Kraig hooked a left outside of Yakutat, Alaska, and after a couple of miles, the gravel gave way to mud. Soon, Hiyo Silver, one of our rented vans, was mired to the rear bumper in bad real estate. Steve Ries and I walked 2 1/2 miles out to catch a ride with a nice lady in a Ford Escort. Steve made conversation up front and left me to the backseat where I played dinosaurs with the 6 year old.
We rode back with Hank, in a flatbed 4×4. He hooked up to Silver with 50 feet of chain and yarded us out.
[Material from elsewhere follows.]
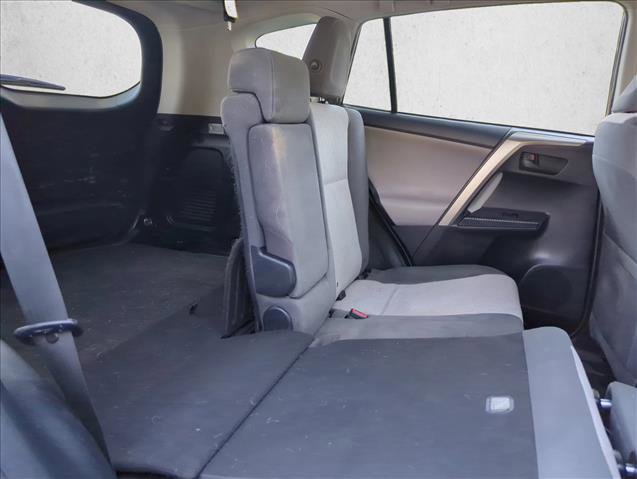 Used 2014 Toyota RAV4 LE FWD image 23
Next day, 25 miles out of town, I eased our blue rented Ford van, Babe, to a stop at a wide spot in the road. Babe had a DOT warning light, rust in all the quarter panels, no armrests, no carpet and a handheld rearview mirror. At 15 mph, her rear axle sounded like a mother-in-law with a hacksaw. At 35 mph, a back wheel shimmied and the front end dived left at every pothole. At rest, she sighed and creaked like an arthritic cow.
The last time I was here it was with no gun, no GPS, no map and no DEET. Last year’s poor planning resulted in a three-hour slog through devil’s club, muskeg and black water.
This time I carried heat in an Alaska Sportsman holster and an aerial photo. Dad had his GPS unit. Photographer Sam Pyke was our witness should a bear eat us or a troop of prehistoric mosquitoes take us hostage.
Two brown bears had crossed the road on the way here. Now we were in their backyard.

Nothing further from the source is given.